My tusheez

This blog was started once upon a time when a young girl at school didnt know better but thought otherwise. So the way earlier entries can be crass and words inappropriate so please don't judge. As now the person has evolved into someone older and wiser (hopefully) ..:.... But some of the entries were classic and hilarious so I don't have the heart to delete them :@ Well we were all young (read:wild) once, right?

Sunday, November 22, 2009

3 Sure Fire Ways to Rid off the Credit Card/ Insurance Girls

Give them a break, wil ya? They're just doing their job..=)

but oh well, when they call at the wrong time, I know they may get on your nerves.

Instead of being rude and slamming down the phone like many other, why not make their day more interesting?

(Was talking to Jac and the girls about this topic and hohoho... She has ideas)

1. "Good Morning Miss Lee, my name is Maria, I am calling from RBS, we are hcalling to check if you have credit card from us yet?

----"Oh don't worry, I have so many already. I am using one as a door stopper, one as a book mark. You think I need one more to scrap my armpit?

Thank you!

2. "Hello Miss Lee, my name is Julia. I am calling from UOB Credit line.."

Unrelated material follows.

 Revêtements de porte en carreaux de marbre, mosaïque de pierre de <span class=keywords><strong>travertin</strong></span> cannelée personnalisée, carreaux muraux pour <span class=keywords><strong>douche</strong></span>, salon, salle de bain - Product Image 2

-----" HA? HA? Hosiwalakewalramehgarajattii..oohhhrammrrmama..geeeyootibubusheshe.haha hahah..hoho..hihi."

Thank you!


4. "Good Afternoon Miss Lee, my name is Jenny, calling on behalf of NTUC Income.."

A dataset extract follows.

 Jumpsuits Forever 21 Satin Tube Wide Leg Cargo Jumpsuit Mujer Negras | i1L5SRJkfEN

" Oh.. hi Jenny...=))"........-sound happy!

"Hi Miss Lee.."

"Jenny,,.. what are you wearing??....(softly and cheekily)

"Sorry?...(must be startled)

"I said..What are you wearing now Jenny??"

"Hi Ma'am.. I think i call you back later.."...panic liao..

" Oh no.. Jenny. I am free to talk now.. just tell me, what are you wearing?"...



Maybe they'll put you in a voluntary DO NOT CALL list.